Why would anybody not think it won't help? Seriously. Look I know that there are some websites that demand to be reloaded each time you go back to them and frankly that sucks down a lot of bandwidth. However it is pretty clear that this isn't the case in every instance. Besides do you think people are lying about all the out of memory warnings seen in the logs.

I don' honestly believe that more RAM will be a 100% fix for Safari but that extra 1 GB of Ram is huge. Apps currently don't have 1GB of RAM to work with often actually far less depending upon the IOS device in question. So going to 2GB is not a trivial update.
 
All I want to see is ssd based memory rather than flash!
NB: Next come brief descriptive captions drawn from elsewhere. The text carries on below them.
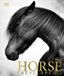 The DK The Horse Encyclopedia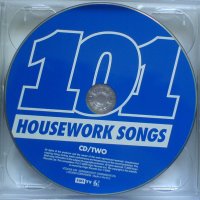 101 Housework Songs + Подарък., снимка 4 - CD дискове - 43801441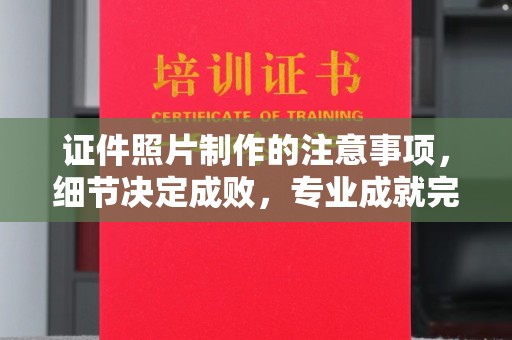 溧阳证件照片制作的注意事项，细节决定成败，专业成就完美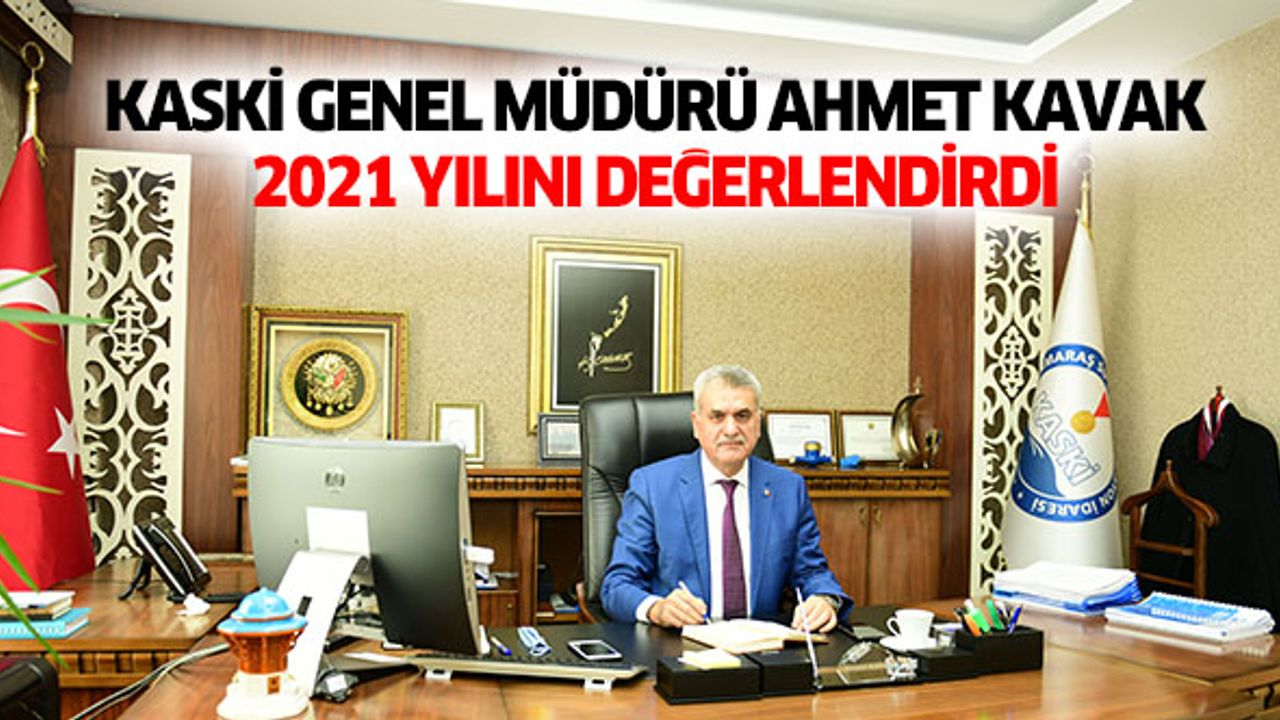 KASKİ Genel Müdürü Ahmet Kavak 2021 yılını değerlendirdi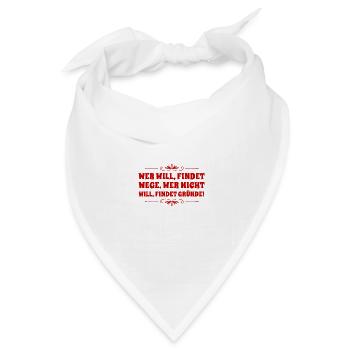 wer nicht will, findet Gründe - Bandana Dreieckstuch - Weiß - Vorne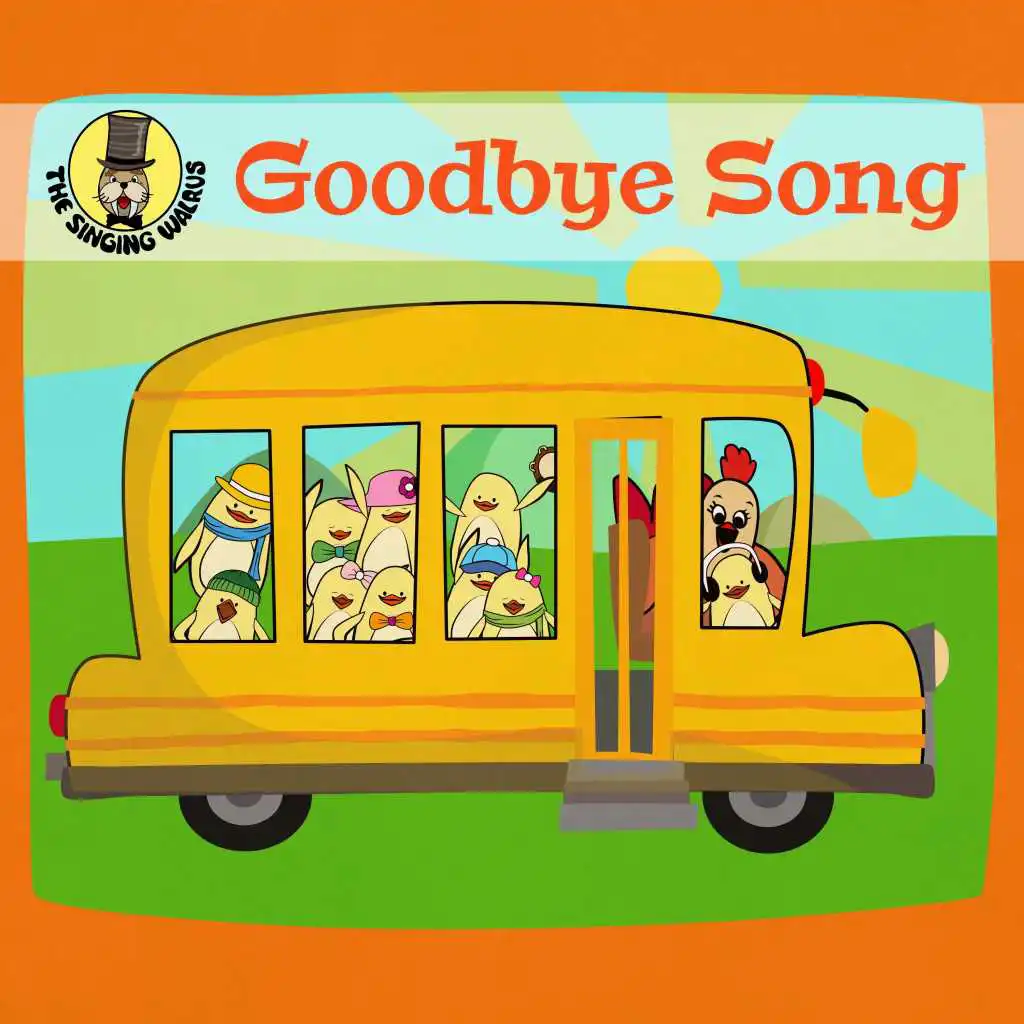 Goodbye Song (Interactive)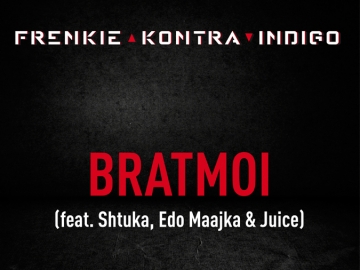 Frenkie Kontra Indigo feat. Shtuka, Edo Maajka i Juice 'bratmoi'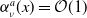 alpha Subscript nu Superscript a Baseline left parenthesis x right parenthesis equals script upper O left parenthesis 1 right parenthesis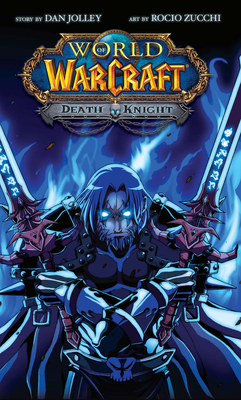 World of Warcraft: Death Knight: Blizzard Legends - Jolley, Dan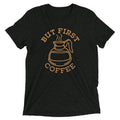 But First Coffee Men's Tri-Blend Tee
Another gig of ram is nice to help ease its heavy use in the ipad but iPhone has no need for it at all. Ssd would mean paging and super fast load times for every thing that currently can be a bit sluggish. My mac is so far due to ssd an upgrade in that arena could be a massive selling point.
 
I see your point.

The only real valid reason (IMHO) would be to make the devices more futureproof.
More RAM might help for that but it is hardly the only valid reason.
The build quality of Apple products is increasing (I know about the bending stuff...) so people tend to carry them around for longer. It would help to make the devices run better on future versions of the OS.

All these other complaints about only x Gb ram or new iPhones or iPads "not being fast enough" are just empy-headed comments with no solid foundation in experience with these new devices being actually slower as a result of that.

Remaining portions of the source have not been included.